In case there’s any doubt about the thoroughness of children’s social indoctrination in white, male-dominated America let me quote three letters from first graders in Texas in April this year (1992). They had had Koala Lou read to them by a visiting researcher who had taken into the classroom a toy koala which they had all held. It should be noted here that the three main characters in Koala Lou are very obviously female and that a refrain from a mother to a child: “Koala Lou, I DO love you!” is repeated many times throughout the story. The word ‘he’ never appears in my text. Here are the first graders’ reactions:

1. Dear Ms. Fox, I liked your book. It is good. It is the best one I’ve ever seen, It is about a koala that is in a race. He is fast and he got second place. Sincerely Hamilton

2. Dear Mr. [sic] Fox, I liket the book that Dr. Braune read the books name was Koala Lou I Do Love You. The little Koala I liket the best he was funny I liket whan he climde the tree I liket the mom she was funny to we got to hug the koala he had soft fere I liket the book thinck you for sharing it Your Friend Ashley

3. Dear Ms. Fox I enjoy books I liked Koala Lou I Do Love You! I like the koala bear he did every thing he could but his mrother stil love him! You are interesting I thingk I will bey one of my own. Do you like to wright? I like the the [sic] way he sayd “Koala Lou I Do Love You” Happy Easter Your friend, Kathryn

It’s alarming to see that in the the lives of these children this sexist assumption has already been established: anyone who is dominant or interesting in a story must be male. In Kathryn’s life, by the age of six, even mothers are seen to be male as soon as they achieve any role of importance in a story.

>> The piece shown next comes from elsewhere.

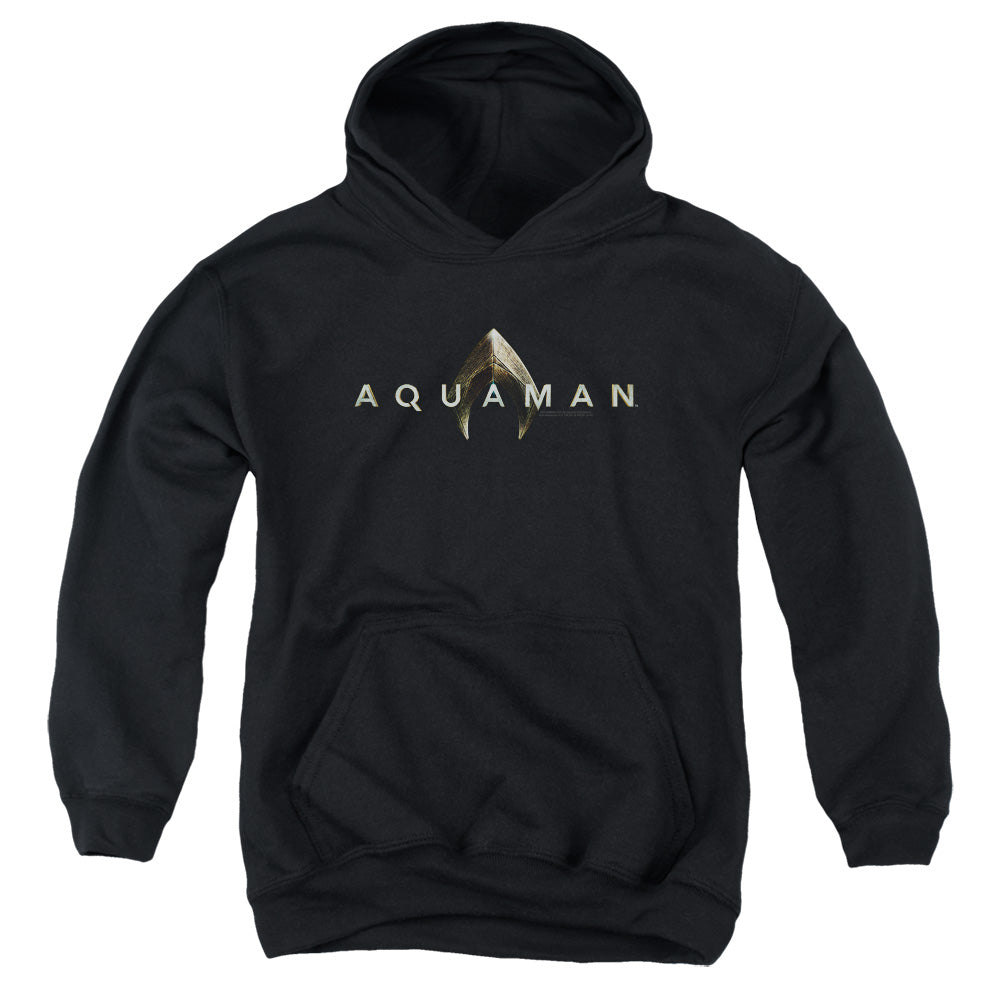 Aquaman Movie Logo Kids Youth Hoodie Black Officially Licensed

Why do I bother to write for children, with all the hazards of political correctness that confront me. Where’s the pleasure in it? The ultimate joy?

I write for children because my first book, Possum Magic, was such a surprising success (850,000 copies sold) that I was encouraged to write another one. And then another, and so on. I don’t find it easy. Koala Lou has only 410 words but it was re-drafted 49 times over two years. I continue to write because positive reactions still greet my efforts. On the Trumpet Club video about me and my books there’s a child who squeals with laughter over the ending of Night Noises. He laughs and laughs and laughs. It’s adorable and very encouraging. And of course there are letters like this that keep me going and send me back to my desk to write again:

To Mem Fox

I like your books because they are interesting. Without your books we would be reading real boring books. So that’s why I like your books.

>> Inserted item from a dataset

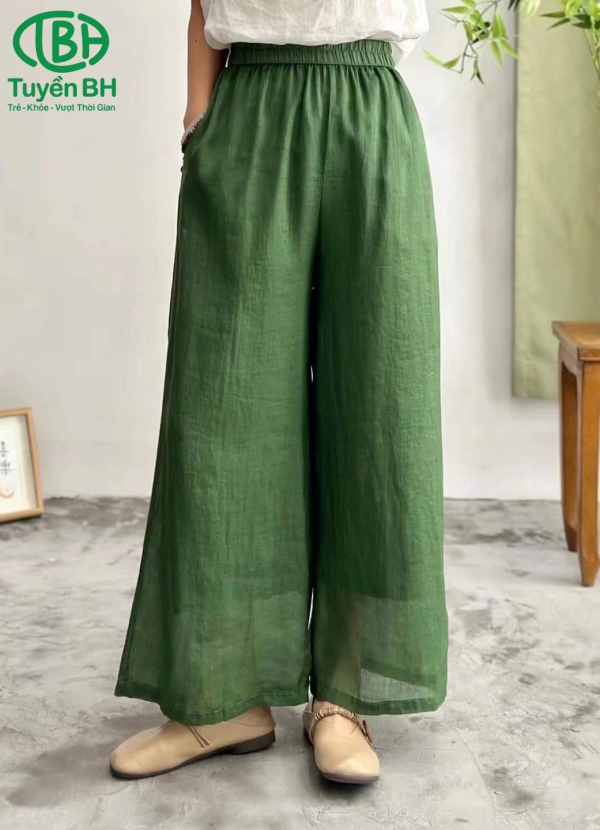 Quần linen tơ 2lớp Hồng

Which brings me to the reading and writing children do in school: “Without your books we would be reading real boring books.” Don’t tell me Emma: you’re in a basal-and-worksheet classroom struggling to come to terms with literacy. You read texts that make you and your poor teacher – did you ever think of that? – die of boredom. You can’t see the point of learning to read as you plough through carefully graded materials published by people who think your teacher’s too dumb to think for herself – too dumb to help you to learn to read by using real books like Koala Lou. And I bet you never get a chance to write so that, like me, positive reactions greet your efforts; so that, like me, kids laugh and laugh over your endings. Poor Emma. Perhaps you’ll be lucky next year and have a whole language teacher instead.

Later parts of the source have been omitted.